Dans l’imaginaire collectif, l’IA est souvent personnifiée. Mais il faut la considérer plutôt comme un outil. La comparaison avec le marteau est intéressante: c’est son utilisation qui peut être soit dangereuse (assommer quelqu’un), soit utile (construire un abri). Néanmoins, c’est un outil qui par nature est un défi pour l’homme. Le machine learning en particulier, qui permet aux machines d’apprendre par elles-mêmes, pose le problème de «l’effet boîte noire». C’est-à-dire que personne, ni même leurs concepteurs, n’est capable d’expliquer comment fonctionnent les réseaux neuronaux, tant ils sont complexes. Il est donc important de le savoir et d’être transparent quand on manipule ces techniques. L’autre problème inhérent à l’IA, c’est qu’elle est dépendante de la data. L’humain qui l’utilise est donc susceptible de reproduire des biais, à l’instar de la discrimination.

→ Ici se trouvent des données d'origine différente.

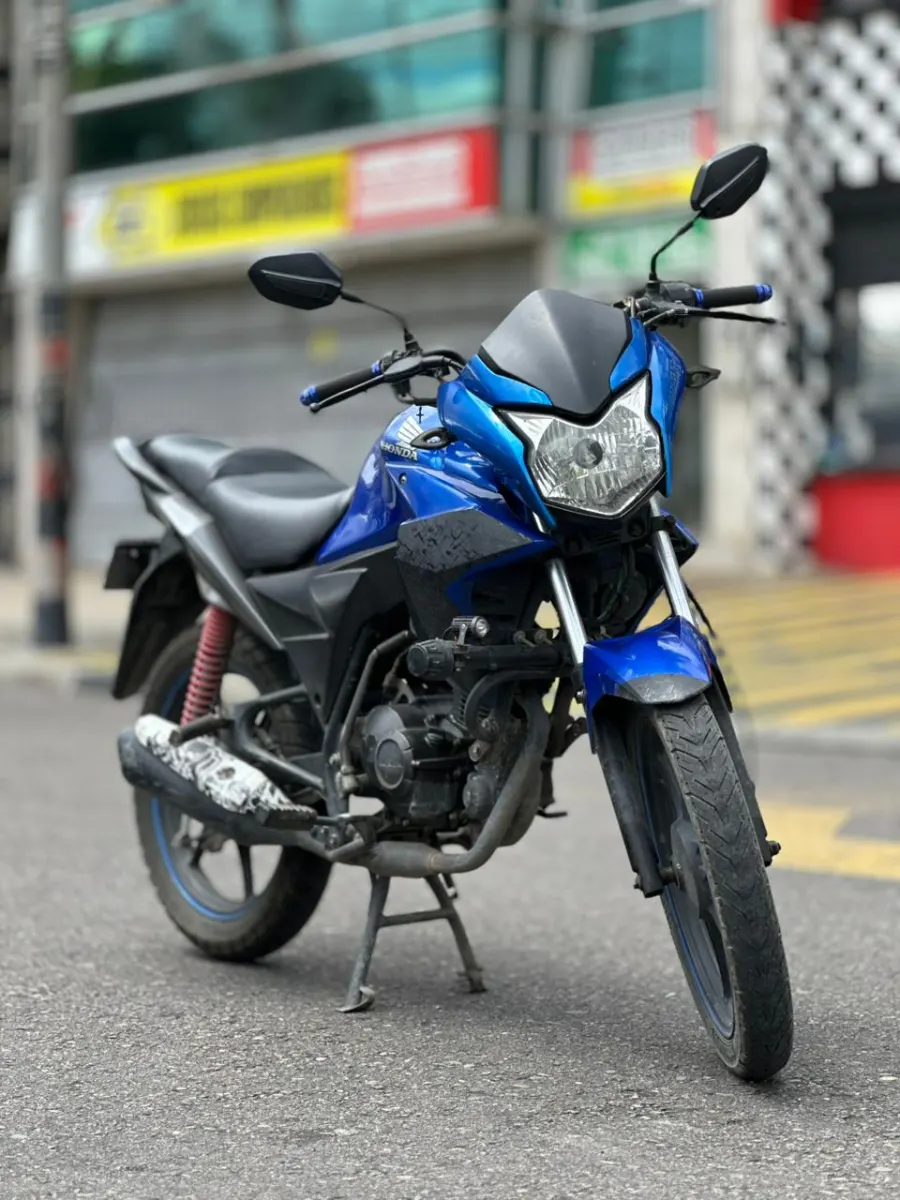 Honda CB 2012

Dans quels cas une innovation peut-elle être interdite pour des raisons éthiques?
En matière de régulation, l’IA est traitée avec les sujets relatifs à la data, notamment dans le domaine de la vie privée. Les règlementations ne sont donc pas spécifiques à l’IA, mais elles contraignent l’application de l’IA dans certains contextes. Et c’est toujours en analysant son utilisation que la loi va statuer, au regard de certaines dérives qu’elle suppose. Par exemple, une décision de justice ne peut pas être motivée sur la base des résultats d’un système à «effet de boîte noire». Car un juge doit toujours expliquer sa décision. Pour prendre un autre cas, celui de la reconnaissance faciale, il n’existe pas de consensus mondial. En Asie, le principe est largement en vigueur, tandis qu’elle est interdite en Californie par exemple. Mais la tendance générale est à la méfiance des sociétés envers la surveillance biométrique à distance. Par ailleurs, sans être officiellement interdite, il y a un consensus international autour de l’idée que l’IA ne doit pas faire croire qu’elle est humaine. Elle doit toujours se présenter en tant que robot.

Les entreprises françaises sont-elles assez équipées en matière d’éthique de l’IA?
La première réaction a été de publier des chartes éthiques, pour se montrer transparentes sur les difficultés, voire les dangers de l’IA. Ce qui a été généralement perçu comme de l’«ethical washing». Dans les faits, en tout cas concernant les membres d’Impact AI, la rédaction de ces chartes a été le commencement d’une réflexion primordiale et d’initiatives concrètes d'implémentation. Cela a donné lieu à la création de comités éthiques pour mener des arbitrages, rédiger des textes, créer des règles, etc. Mais cela a également permis de travailler sur la culture d’entreprise et d’avancer en termes de formations des collaborateurs.

Comment les entreprises peuvent-elles garantir que leur utilisation de l’IA est responsable?
La solution à court ou à moyen terme, c’est de se munir d’une gouvernance qui permette d’identifier et de nommer des responsables de ce sujet en interne. D’autant que cela devient un besoin fort des utilisateurs, qui sont désormais informés et comprennent les enjeux. A long terme, il est nécessaire d’investir dans la recherche. De manière générale, ces sujets ne doivent pas être perçus comme des contraintes. Une IA digne de confiance peut même représenter un avantage économique, compétitif.